Homoiconicity isn't the point - luu
http://calculist.org/blog/2012/04/17/homoiconicity-isnt-the-point/
======
lispm
S-Expressions are a syntax for data. READ reads an s-expression and creates a
data representation: lists, symbols, numbers, strings, vectors, characters,
...

This data then can also be used to encode programs. There are two ways to
create these programs: read them and construct them.

The main execution entry point in Lisp is EVAL, the evaluator. It takes a Lisp
data structure as source - not strings, not streams, not a data structure
created by a parser for the language Lisp.

Thus the point of Lisp is that it uses Lisp data structures as representation
of source code. This source code can be read, can be constructed and can be
printed.

    
    
        CL-USER 15 > (setf expression (list '+ 3 4))
        (+ 3 4)
    
        CL-USER 16 > (setf expression (append expression '(5 6)))
        (+ 3 4 5 6)
    
        CL-USER 17 > (setf expression (list '* expression expression 5))
        (* (+ 3 4 5 6) (+ 3 4 5 6) 5)
    
        CL-USER 18 > (eval expression)
        1620
    

The evaluator was first in Lisp. Macros came a few years later.

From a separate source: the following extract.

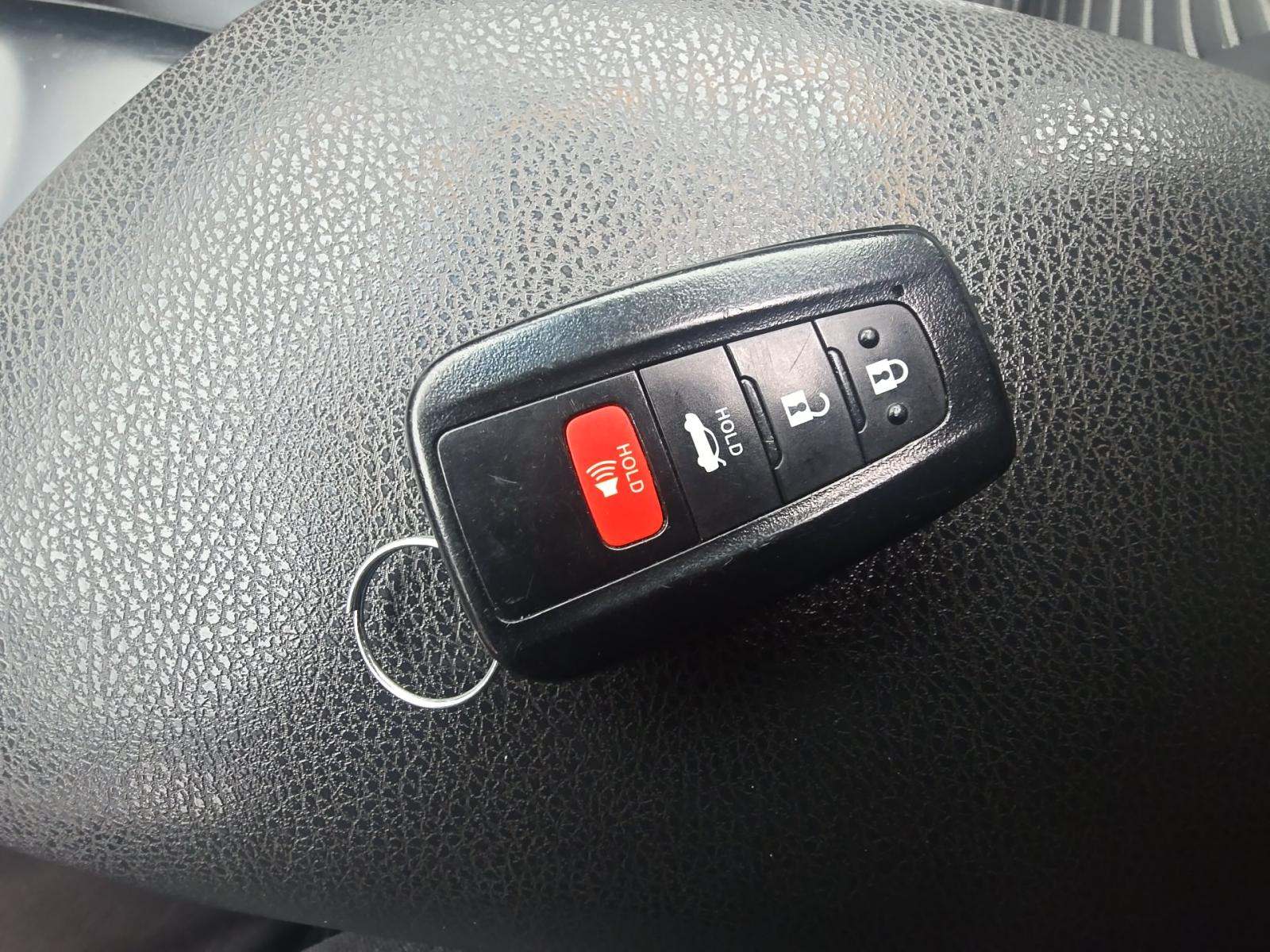 2018 Toyota Camry SE FWD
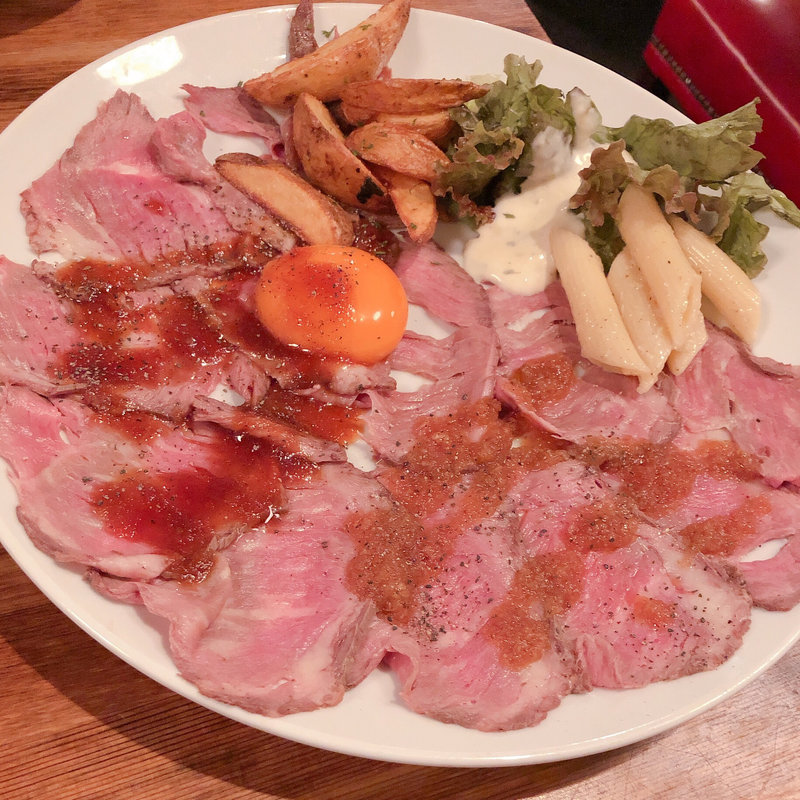 特製ローストビーフ二種のソースで(お肉と神戸野菜とワインとチーズ TOROROSSO （トロロッソ）)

The initial idea was the evaluator and programming with symbolic expressions.
Using Lisp itself to transform symbolic expressions as used in macros, is just
one application of these ideas. These expressions can not only represent Lisp
code, but also logic expressions on mathematical formulas. Thus the idea of
symbolic expressions of Lisp code made macro expansion natural - similar as it
was used to for example to computer algebra algorithms: integration and
differentiation of mathematical expressions, represented as Lisp data.